▸ **WHAT THE TASK REQUIRES**
Set the data down again, exactly as it appears below.

▸ **PROVIDED RECORDS**
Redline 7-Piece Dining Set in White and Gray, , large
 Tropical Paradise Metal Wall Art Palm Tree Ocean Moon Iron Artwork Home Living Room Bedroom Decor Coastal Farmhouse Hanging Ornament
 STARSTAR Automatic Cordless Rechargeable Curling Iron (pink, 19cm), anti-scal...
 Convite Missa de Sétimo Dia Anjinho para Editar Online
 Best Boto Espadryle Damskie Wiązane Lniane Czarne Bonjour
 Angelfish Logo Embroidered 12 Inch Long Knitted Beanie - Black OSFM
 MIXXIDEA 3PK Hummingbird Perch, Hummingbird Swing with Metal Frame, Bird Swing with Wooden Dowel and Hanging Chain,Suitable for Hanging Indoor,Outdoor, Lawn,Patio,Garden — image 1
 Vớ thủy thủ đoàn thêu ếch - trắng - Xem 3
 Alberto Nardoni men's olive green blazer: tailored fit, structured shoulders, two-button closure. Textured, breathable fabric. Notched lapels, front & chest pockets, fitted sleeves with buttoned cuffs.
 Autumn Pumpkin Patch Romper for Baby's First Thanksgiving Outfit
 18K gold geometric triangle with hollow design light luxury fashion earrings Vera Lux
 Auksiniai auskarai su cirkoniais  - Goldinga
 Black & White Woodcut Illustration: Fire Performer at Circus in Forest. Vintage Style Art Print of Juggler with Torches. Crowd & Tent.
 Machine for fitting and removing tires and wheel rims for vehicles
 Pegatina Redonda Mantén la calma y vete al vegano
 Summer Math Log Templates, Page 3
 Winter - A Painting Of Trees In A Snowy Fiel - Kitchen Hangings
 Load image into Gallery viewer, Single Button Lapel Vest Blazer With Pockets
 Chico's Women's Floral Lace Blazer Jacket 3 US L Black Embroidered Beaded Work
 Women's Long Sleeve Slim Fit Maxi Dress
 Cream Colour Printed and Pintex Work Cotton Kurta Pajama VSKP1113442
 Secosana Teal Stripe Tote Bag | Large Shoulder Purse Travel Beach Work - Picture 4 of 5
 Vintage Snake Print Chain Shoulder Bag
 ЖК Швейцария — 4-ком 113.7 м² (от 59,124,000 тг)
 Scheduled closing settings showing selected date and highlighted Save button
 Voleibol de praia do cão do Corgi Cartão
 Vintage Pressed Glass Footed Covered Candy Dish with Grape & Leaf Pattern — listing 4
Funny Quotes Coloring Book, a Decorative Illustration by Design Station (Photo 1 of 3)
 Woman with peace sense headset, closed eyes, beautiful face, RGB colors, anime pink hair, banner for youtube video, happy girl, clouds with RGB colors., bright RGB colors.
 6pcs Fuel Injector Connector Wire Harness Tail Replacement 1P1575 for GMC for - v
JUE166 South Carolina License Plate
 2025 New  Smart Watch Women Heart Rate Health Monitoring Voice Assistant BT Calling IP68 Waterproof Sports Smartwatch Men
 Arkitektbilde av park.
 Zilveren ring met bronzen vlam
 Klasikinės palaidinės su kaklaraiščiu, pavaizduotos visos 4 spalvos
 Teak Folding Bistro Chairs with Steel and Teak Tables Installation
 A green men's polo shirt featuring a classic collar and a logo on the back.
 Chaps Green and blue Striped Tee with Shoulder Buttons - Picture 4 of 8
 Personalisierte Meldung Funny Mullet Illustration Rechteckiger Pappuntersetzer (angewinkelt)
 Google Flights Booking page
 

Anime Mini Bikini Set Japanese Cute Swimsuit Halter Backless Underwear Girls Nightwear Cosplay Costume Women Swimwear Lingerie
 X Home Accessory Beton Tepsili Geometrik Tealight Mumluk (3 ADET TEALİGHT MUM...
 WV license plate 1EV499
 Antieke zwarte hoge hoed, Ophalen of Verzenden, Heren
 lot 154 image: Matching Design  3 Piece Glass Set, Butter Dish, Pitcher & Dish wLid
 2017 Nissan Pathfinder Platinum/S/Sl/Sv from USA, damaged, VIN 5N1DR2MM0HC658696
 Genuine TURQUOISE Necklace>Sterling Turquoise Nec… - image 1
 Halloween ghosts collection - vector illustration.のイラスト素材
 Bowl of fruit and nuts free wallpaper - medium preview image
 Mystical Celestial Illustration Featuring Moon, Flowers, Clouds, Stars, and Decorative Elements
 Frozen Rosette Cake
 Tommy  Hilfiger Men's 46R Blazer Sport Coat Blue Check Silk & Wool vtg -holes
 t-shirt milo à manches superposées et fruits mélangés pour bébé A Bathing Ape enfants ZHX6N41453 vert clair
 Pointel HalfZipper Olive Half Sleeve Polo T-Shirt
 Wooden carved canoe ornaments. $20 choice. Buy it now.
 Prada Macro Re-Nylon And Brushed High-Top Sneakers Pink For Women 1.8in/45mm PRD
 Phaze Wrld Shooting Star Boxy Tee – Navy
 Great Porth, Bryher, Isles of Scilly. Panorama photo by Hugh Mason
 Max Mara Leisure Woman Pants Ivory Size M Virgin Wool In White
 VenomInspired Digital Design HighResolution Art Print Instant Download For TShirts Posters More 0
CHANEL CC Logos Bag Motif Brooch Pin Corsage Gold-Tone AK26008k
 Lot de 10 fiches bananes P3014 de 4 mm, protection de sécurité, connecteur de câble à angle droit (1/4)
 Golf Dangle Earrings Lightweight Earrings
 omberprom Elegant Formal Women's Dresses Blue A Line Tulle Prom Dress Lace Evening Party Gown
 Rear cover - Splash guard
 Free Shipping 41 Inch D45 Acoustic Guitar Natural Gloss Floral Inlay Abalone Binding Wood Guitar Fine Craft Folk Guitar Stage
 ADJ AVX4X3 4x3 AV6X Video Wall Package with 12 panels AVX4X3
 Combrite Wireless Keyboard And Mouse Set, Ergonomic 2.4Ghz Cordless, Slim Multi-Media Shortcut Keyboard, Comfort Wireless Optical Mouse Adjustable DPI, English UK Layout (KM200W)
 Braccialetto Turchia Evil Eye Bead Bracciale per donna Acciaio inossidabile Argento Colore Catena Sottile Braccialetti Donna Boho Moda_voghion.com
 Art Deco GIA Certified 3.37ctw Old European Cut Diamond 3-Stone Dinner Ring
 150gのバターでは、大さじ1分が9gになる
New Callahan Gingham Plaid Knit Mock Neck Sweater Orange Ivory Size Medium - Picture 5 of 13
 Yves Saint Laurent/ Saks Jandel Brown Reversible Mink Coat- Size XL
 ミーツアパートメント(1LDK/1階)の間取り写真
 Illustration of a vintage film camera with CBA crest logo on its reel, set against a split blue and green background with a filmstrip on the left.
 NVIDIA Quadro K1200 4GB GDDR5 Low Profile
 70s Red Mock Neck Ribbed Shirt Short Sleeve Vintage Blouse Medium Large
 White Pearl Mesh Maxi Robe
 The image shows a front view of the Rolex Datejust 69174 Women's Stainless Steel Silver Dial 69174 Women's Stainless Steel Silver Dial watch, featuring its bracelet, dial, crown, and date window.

▸ **SOLUTION FOR THIS TASK**
Redline 7-Piece Dining Set in White and Gray, , large
 Tropical Paradise Metal Wall Art Palm Tree Ocean Moon Iron Artwork Home Living Room Bedroom Decor Coastal Farmhouse Hanging Ornament
 STARSTAR Automatic Cordless Rechargeable Curling Iron (pink, 19cm), anti-scal...
 Convite Missa de Sétimo Dia Anjinho para Editar Online
 Best Boto Espadryle Damskie Wiązane Lniane Czarne Bonjour
 Angelfish Logo Embroidered 12 Inch Long Knitted Beanie - Black OSFM
 MIXXIDEA 3PK Hummingbird Perch, Hummingbird Swing with Metal Frame, Bird Swing with Wooden Dowel and Hanging Chain,Suitable for Hanging Indoor,Outdoor, Lawn,Patio,Garden — image 1
 Vớ thủy thủ đoàn thêu ếch - trắng - Xem 3
 Alberto Nardoni men's olive green blazer: tailored fit, structured shoulders, two-button closure. Textured, breathable fabric. Notched lapels, front & chest pockets, fitted sleeves with buttoned cuffs.
 Autumn Pumpkin Patch Romper for Baby's First Thanksgiving Outfit
 18K gold geometric triangle with hollow design light luxury fashion earrings Vera Lux
 Auksiniai auskarai su cirkoniais  - Goldinga
 Black & White Woodcut Illustration: Fire Performer at Circus in Forest. Vintage Style Art Print of Juggler with Torches. Crowd & Tent.
 Machine for fitting and removing tires and wheel rims for vehicles
 Pegatina Redonda Mantén la calma y vete al vegano
 Summer Math Log Templates, Page 3
 Winter - A Painting Of Trees In A Snowy Fiel - Kitchen Hangings
 Load image into Gallery viewer, Single Button Lapel Vest Blazer With Pockets
 Chico's Women's Floral Lace Blazer Jacket 3 US L Black Embroidered Beaded Work
 Women's Long Sleeve Slim Fit Maxi Dress
 Cream Colour Printed and Pintex Work Cotton Kurta Pajama VSKP1113442
 Secosana Teal Stripe Tote Bag | Large Shoulder Purse Travel Beach Work - Picture 4 of 5
 Vintage Snake Print Chain Shoulder Bag
 ЖК Швейцария — 4-ком 113.7 м² (от 59,124,000 тг)
 Scheduled closing settings showing selected date and highlighted Save button
 Voleibol de praia do cão do Corgi Cartão
 Vintage Pressed Glass Footed Covered Candy Dish with Grape & Leaf Pattern — listing 4
Funny Quotes Coloring Book, a Decorative Illustration by Design Station (Photo 1 of 3)
 Woman with peace sense headset, closed eyes, beautiful face, RGB colors, anime pink hair, banner for youtube video, happy girl, clouds with RGB colors., bright RGB colors.
 6pcs Fuel Injector Connector Wire Harness Tail Replacement 1P1575 for GMC for - v
JUE166 South Carolina License Plate
 2025 New  Smart Watch Women Heart Rate Health Monitoring Voice Assistant BT Calling IP68 Waterproof Sports Smartwatch Men
 Arkitektbilde av park.
 Zilveren ring met bronzen vlam
 Klasikinės palaidinės su kaklaraiščiu, pavaizduotos visos 4 spalvos
 Teak Folding Bistro Chairs with Steel and Teak Tables Installation
 A green men's polo shirt featuring a classic collar and a logo on the back.
 Chaps Green and blue Striped Tee with Shoulder Buttons - Picture 4 of 8
 Personalisierte Meldung Funny Mullet Illustration Rechteckiger Pappuntersetzer (angewinkelt)
 Google Flights Booking page
 

Anime Mini Bikini Set Japanese Cute Swimsuit Halter Backless Underwear Girls Nightwear Cosplay Costume Women Swimwear Lingerie
 X Home Accessory Beton Tepsili Geometrik Tealight Mumluk (3 ADET TEALİGHT MUM...
 WV license plate 1EV499
 Antieke zwarte hoge hoed, Ophalen of Verzenden, Heren
 lot 154 image: Matching Design  3 Piece Glass Set, Butter Dish, Pitcher & Dish wLid
 2017 Nissan Pathfinder Platinum/S/Sl/Sv from USA, damaged, VIN 5N1DR2MM0HC658696
 Genuine TURQUOISE Necklace>Sterling Turquoise Nec… - image 1
 Halloween ghosts collection - vector illustration.のイラスト素材
 Bowl of fruit and nuts free wallpaper - medium preview image
 Mystical Celestial Illustration Featuring Moon, Flowers, Clouds, Stars, and Decorative Elements
 Frozen Rosette Cake
 Tommy  Hilfiger Men's 46R Blazer Sport Coat Blue Check Silk & Wool vtg -holes
 t-shirt milo à manches superposées et fruits mélangés pour bébé A Bathing Ape enfants ZHX6N41453 vert clair
 Pointel HalfZipper Olive Half Sleeve Polo T-Shirt
 Wooden carved canoe ornaments. $20 choice. Buy it now.
 Prada Macro Re-Nylon And Brushed High-Top Sneakers Pink For Women 1.8in/45mm PRD
 Phaze Wrld Shooting Star Boxy Tee – Navy
 Great Porth, Bryher, Isles of Scilly. Panorama photo by Hugh Mason
 Max Mara Leisure Woman Pants Ivory Size M Virgin Wool In White
 VenomInspired Digital Design HighResolution Art Print Instant Download For TShirts Posters More 0
CHANEL CC Logos Bag Motif Brooch Pin Corsage Gold-Tone AK26008k
 Lot de 10 fiches bananes P3014 de 4 mm, protection de sécurité, connecteur de câble à angle droit (1/4)
 Golf Dangle Earrings Lightweight Earrings
 omberprom Elegant Formal Women's Dresses Blue A Line Tulle Prom Dress Lace Evening Party Gown
 Rear cover - Splash guard
 Free Shipping 41 Inch D45 Acoustic Guitar Natural Gloss Floral Inlay Abalone Binding Wood Guitar Fine Craft Folk Guitar Stage
 ADJ AVX4X3 4x3 AV6X Video Wall Package with 12 panels AVX4X3
 Combrite Wireless Keyboard And Mouse Set, Ergonomic 2.4Ghz Cordless, Slim Multi-Media Shortcut Keyboard, Comfort Wireless Optical Mouse Adjustable DPI, English UK Layout (KM200W)
 Braccialetto Turchia Evil Eye Bead Bracciale per donna Acciaio inossidabile Argento Colore Catena Sottile Braccialetti Donna Boho Moda_voghion.com
 Art Deco GIA Certified 3.37ctw Old European Cut Diamond 3-Stone Dinner Ring
 150gのバターでは、大さじ1分が9gになる
New Callahan Gingham Plaid Knit Mock Neck Sweater Orange Ivory Size Medium - Picture 5 of 13
 Yves Saint Laurent/ Saks Jandel Brown Reversible Mink Coat- Size XL
 ミーツアパートメント(1LDK/1階)の間取り写真
 Illustration of a vintage film camera with CBA crest logo on its reel, set against a split blue and green background with a filmstrip on the left.
 NVIDIA Quadro K1200 4GB GDDR5 Low Profile
 70s Red Mock Neck Ribbed Shirt Short Sleeve Vintage Blouse Medium Large
 White Pearl Mesh Maxi Robe
 The image shows a front view of the Rolex Datejust 69174 Women's Stainless Steel Silver Dial 69174 Women's Stainless Steel Silver Dial watch, featuring its bracelet, dial, crown, and date window.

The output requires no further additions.